De lobos y pastores.
Según cuenta Plutarco, mucho antes de que Solón ( 638
adc-558 adc) dictara leyes a los griegos, ya éstos tenían declarada la guerra a
los lobos. Grecia era un país más adecuado para la pastura que para el cultivo
por lo que abundaban los que se dedicaban al pastoreo y a la ganadería, siendo
el lobo enemigo mortal de su negocio. Solón estableció que al que presentase un
lobo muerto se le dieran cinco dracmas y un dracma al que presentase un lobezno.

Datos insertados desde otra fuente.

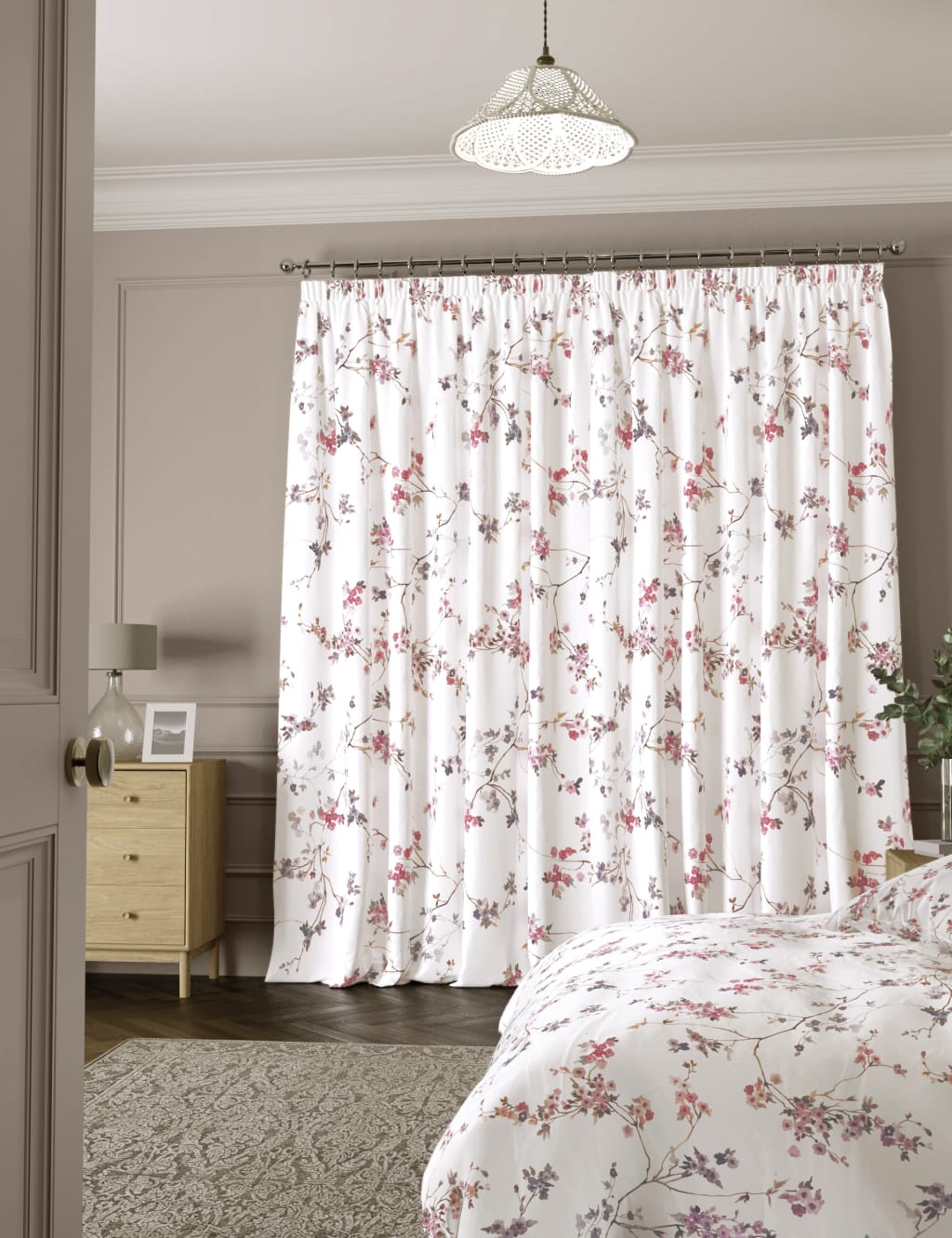 Sateen Cherry Blossom Pencil Pleat Blackout Curtains 4 of 4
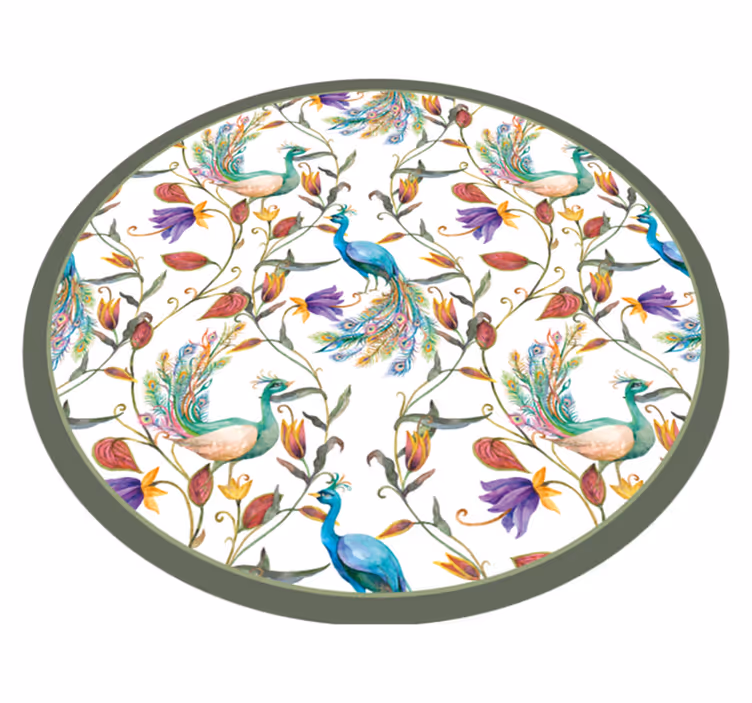 Beautiful peacock blooms floral vinyl rug - TenStickers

Cinco
dracmas equivalían al valor de un buey y un dracma al de una oveja; así que un
buey valía cinco ovejas.
Desde tiempo inmemorial, siendo la montaña leonesa más
propia para el ganado que para el cultivo, también se tenía declarada la guerra
al lobo y a falta de una ordenanza como la de Solón, era costumbre que quien
matara un lobo, lo colocara a lomos de una caballería y recorriera los pueblos
para que los ganaderos le recompensasen con lo que estimasen oportuno en
función de los posibles daños evitados, calculando la ferocidad por el tamaño
de la alimaña.
Así estuvieron las cosas hasta que desde los lejanos centros
legislativos se dictaron leyes contrarias a Solón y al derecho consuetudinario
impidiendo que el pueblo se tomara la justicia por su mano y dejando impunes
los crímenes del lobo; pero cuando algún ganadero pilla al lobo con las fauces
en las cabras, no puede olvidar la guerra declarada y, si lo tiene a su
alcance, le dispara. Comprueba después los daños hechos al rebaño y, lejos de
buscar el elogio de sus vecinos, oculta su hazaña como si de un brutal
asesinato se tratara.
Resulta entonces que algunas leyes han evolucionado tanto
que se han vuelto del revés, proponiendo a los lobos como pastores de las
ovejas y, probablemente, a zorros como guardianes de las gallinas.